Dikkatleri çeken diğer bir kazı da Leslie Alcock'un 1960lı yılların sonunda Güney Cadbury'deki çalışmasıdır. Yüzyıllardır "Camelot" olarak bilinen bir yerde Alcock, bir tepeye inşa edilmiş Demir Devri'nden kalma bir kale kazısında burasının Neolitik Dönem'den Geç Sakson dönemine kadar iskân edilmiş olduğunu saptamıştır.
"Arthur" döneminde (5. ve 6. yüzyıllar) kale tahkim edilmiş, çevredeki düzlükte yeni binalar ve bu arada büyük bir "şölen" salonu yapılmıştır. Burada Tintagel'de bulunanların eşi çanak çömlek parçalarının bulunması Güney Cadbury'nin de 5. ve 6. yüzyıllarda lüks mallar ticaretinde faal olduğunu göstermiştir. Ayrıca, yeni surları inşa etmek ve korumak için gerekecek insangücü önemli bir yerel kralın varlığına da işaret etmektedir.
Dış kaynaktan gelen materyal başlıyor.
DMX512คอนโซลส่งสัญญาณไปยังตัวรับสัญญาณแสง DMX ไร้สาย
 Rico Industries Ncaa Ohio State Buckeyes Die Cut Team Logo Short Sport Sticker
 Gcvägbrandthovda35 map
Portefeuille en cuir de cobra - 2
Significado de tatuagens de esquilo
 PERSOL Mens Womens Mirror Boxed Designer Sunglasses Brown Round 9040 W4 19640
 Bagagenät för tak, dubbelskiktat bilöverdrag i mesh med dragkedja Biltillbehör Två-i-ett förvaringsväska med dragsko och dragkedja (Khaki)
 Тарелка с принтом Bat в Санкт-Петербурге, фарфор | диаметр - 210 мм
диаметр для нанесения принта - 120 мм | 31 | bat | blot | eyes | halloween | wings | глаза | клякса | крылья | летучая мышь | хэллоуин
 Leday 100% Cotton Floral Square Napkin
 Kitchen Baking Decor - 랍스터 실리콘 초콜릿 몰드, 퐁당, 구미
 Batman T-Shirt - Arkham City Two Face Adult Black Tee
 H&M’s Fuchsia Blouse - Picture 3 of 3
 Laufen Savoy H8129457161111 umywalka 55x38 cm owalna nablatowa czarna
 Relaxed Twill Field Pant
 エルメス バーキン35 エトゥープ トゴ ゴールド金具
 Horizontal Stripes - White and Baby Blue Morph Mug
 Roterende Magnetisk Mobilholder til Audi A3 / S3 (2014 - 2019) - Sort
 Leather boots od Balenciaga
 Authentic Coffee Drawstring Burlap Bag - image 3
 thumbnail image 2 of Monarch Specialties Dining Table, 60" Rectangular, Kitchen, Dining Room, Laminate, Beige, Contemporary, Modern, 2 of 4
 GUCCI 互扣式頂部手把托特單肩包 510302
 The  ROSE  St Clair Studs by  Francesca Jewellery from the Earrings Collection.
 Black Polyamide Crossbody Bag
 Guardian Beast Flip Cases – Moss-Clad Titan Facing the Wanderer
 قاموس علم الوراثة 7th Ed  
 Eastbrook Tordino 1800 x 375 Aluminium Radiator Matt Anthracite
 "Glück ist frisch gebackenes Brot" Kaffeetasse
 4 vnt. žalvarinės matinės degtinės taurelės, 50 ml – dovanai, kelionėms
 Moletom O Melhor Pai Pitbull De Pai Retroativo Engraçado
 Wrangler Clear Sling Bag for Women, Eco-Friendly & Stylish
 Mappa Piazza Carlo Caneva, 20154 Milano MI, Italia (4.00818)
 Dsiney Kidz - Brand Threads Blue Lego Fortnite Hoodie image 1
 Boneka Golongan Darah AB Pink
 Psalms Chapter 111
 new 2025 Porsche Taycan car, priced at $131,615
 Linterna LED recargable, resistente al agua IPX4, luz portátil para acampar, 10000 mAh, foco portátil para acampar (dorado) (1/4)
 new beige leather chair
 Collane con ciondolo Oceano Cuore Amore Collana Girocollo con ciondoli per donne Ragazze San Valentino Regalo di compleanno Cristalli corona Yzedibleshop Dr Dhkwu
  • Winchester Yuvarlak Masası: 13. ya da 14. yüzyılda yapılmış olan bu büyük meşe ağacından masa, VIII. Henry'nin hükümdarlığı zamanında yapılmıştır (Arthur burada, bir Tudor Kralı'na benzemektedir).
548px Winchester   Table ronde du roi Arthur

Kutsal Kâse
Myrddin (Merlin) ve Tristan ile Isolde efsaneleri gibi Kutsal Kâse de Arthur efsanelerine daha sonraları eklenen bağımsız bir efsane olabilir. Kâse, 1190 yıllarında Chretien de Troyes tarafından yazılan Fransız şiiri Perceval'de. ilk ortaya çıktığında sakat Balıkçı Kral'ın şatosunda, içinde ayin ekmekleri sunulan süslü bir tabaktır (Eski Fransızca'da graal). Şiir yarım kaldığı için daha sonraki yazarlara kâseyi çok çeşitli biçimlerde sunma özgürlüğü tanınmıştır. Bunlardan bazıları Hıristiyanlık öncesi, Kelt'lerin tılsımlı kazanlar masallarını yansıtır.
Ancak bu masalların en popüleri, kâseyi Son Yemek'in kupasıyla, san graal ya da "kutsal kâse"yle ilişkilendirendir. Ortaçağ söylencelerine göre bu kutsal emanet, Arimethalı Yusuf'un eline geçmiş, onun ailesi de bunu Glastonbury'de adanın ilk Hıristiyan cemaatinin kurulması sırasında Britanya'ya getirmiştir.
Hiç kuşkusuz Glastonbury keşişleri bu efsanenin oluşmasında üzerlerine düşen rolü oynamışlardır. Yine de arkeologlar Glastonbury'de bu ilk Hıristiyan cemaati söylencesinin doğru olup olmadığını merak etmişlerdir. Ralegh Radford 1950'li yılların sonunda manastırın bazı bölümlerinde kazılar yapmıştır. Sakson binalarının altında çok eski zamanlardan kalma bazı yapılar bulmuş ve bunları kurucuların kilisesi olarak tanımlamıştır.
Ayrıca, eski mezarlıklarda Glastonbury keşişlerinin gerçekten dedikleri yerlerde kazılar yapıp eski zamanlardan kalma mezarlar bulduklarını saptamıştır. On yıl sonra Philip Rahtz, yakınlardaki Glastonbury Tor'da yaptığı kazılarda ahşap bina kalıntıları, maden işçiliği molozları ve bu iskânı Arthur dönemine kadar geri götürmesini sağlayan çömlek parçaları bulmuştur.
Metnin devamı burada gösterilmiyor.